- Born: 16 October 1966 (age 59) Ar-Rass, Saudi Arabia
- Education: Ar-Rass Secondary School (high school) King Saud University (college)
- Occupation: CEO of Bank Albilad

= Abdulaziz Al-Onaizan =

Saudi Arabian businessman

Abdulaziz bin Mohammed Al-Onaizan (born ) is a Saudi Arabian businessman who is chief executive officer (CEO) of Bank Albilad. Al-Onaizan joined Bank Albilad in 2014, where he was a chief business officer. In 2016, he was appointed as the bank's CEO.

==Early life==
Al-Onaizan was born in Saudi Arabia and raised in Ar-Rass. He attended Ar-Rass Secondary School for high school. He then moved to Riyadh for college and attended King Saud University. In 1987, he obtained his bachelor's degree on quantitative methods.

==Career==
In 1991, Al-Onaizan joined Samba Financial Group as the head of treasury. He then moved to Arab National Bank in 2004 and Alinma Bank in 2008 serving as the deputy chief executive officer of treasury and the head of treasury respectively.

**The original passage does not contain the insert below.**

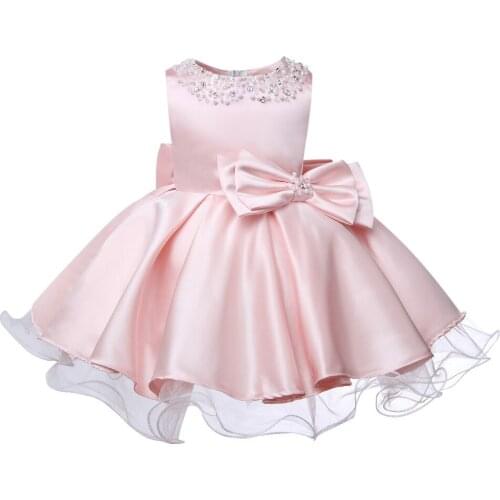 Beaded Bow Tulle Girl Dress Flower Girl Dress Wedding Formal Party Vestidos Kids Pageant Birthday Ball Gown For First Communion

In 2014, Al-Onaizan joined Bank Albilad as the chief business officer (CBO). In 2016, he was appointed as the chief executive officer (CEO).

Al-Onaizan additionally serves as the vice-chairman of the board of directors and as a member of the executive committee, both respectively a part of the Albilad Investing Company. He is also a board member in five other joint stock companies: Enjaz, Buna, the Human Resources Development Fund (HRDF), the Real Estate Development Fund (REDF) and the Zakat, Tax and Customs Authority (ZATCA). He simultaneously holds the position of chairman of the board of directors for Enjaz, chairman of the executive committee for the HRDF as well as chairman of governance and cybersecurity for the REDF.

== Personal life ==
Al-Onaizan resides in Riyadh. He is a Sunni-Muslim, and speaks Arabic and English.